Does pants provide anything out of the box for kno...
# general
h
Does pants provide anything out of the box for knowing if something like a version number for a python distribution, docker image, and other artifacts needs to be bumped? In our monorepo, someone might change something in a shared library and not realize that they should have bumped version numbers for the dependent packages.
h
Nothing out of the box. I'd be curious to explore that though
h
I think that's the main thing holding us back from semantically versioning some of our things (and instead going directly to something like a commit hash) because it's a bit easy to not realize you need to change things.
👍 1
e
Pants v1 did this for jvm artifacts, but it was dumb. The
./pants publish ...
goal would just noop for any distribution that had not changed since last publish (content hash based) and it would bump the patch version by default if it had changed. No SEMVER smarts. You were presented with a diff though since the last publish which you could read to maybe remind yourself if you should ctrl-c out and add flags to the pulish goal to set a minor or major version.
h
Any recommendations on pants queries as a short term remedy? Thinking some kind of shell script like
check_versions.sh
that will tell locally if the targets we care about might be out of date?
My guess would be to gather all the transitive dependencies of our targets of interest, then gather everything that has changed, and find the overlap of the set. Tough point about choosing what to use as the base, but I'll likely just do upstream branch for right now.
h
Yes, I think that approach sounds right. Use transitive dependencies on your package targets. Then combine it with
--changed-since=
and
list
to see if there is any crossover, like diff the sets
a
I just went with
version: date.today().strftime('%Y.%M.%D')
because semver is a total waste of unless you're actually providing an external contract with an expectation of backwards compatibility and support and your consumers are able to use it. Which 99% of the time, I'm guessing is 'they are not'
📆 1
👍 2
only downside is you can't deploy code twice a day
h
could add hour heh
a
oh maybe thats what I did. Honestly I can't remember this was 6 months ago.

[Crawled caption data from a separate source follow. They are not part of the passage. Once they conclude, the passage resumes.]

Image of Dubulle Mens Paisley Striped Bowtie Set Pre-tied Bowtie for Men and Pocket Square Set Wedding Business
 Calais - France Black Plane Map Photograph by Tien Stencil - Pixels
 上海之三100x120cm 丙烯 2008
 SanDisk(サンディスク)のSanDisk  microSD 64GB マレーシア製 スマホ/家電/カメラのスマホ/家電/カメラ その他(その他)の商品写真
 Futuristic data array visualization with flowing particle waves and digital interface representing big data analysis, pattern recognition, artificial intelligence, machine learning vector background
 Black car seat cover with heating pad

but whatever it was, the sentiment was the same. Fake semver. get monotonic versioning. No more "forgot to do a version change" bugs.
💯 1
h
Yeah, I go both ways. I don't think we're going to use semver in it's most authentic form so there's rationale to drop. On the other hand, I don't like instructing people to specify the repo hash of our services that they want since that could either mean no change or a fundamentally different architecture.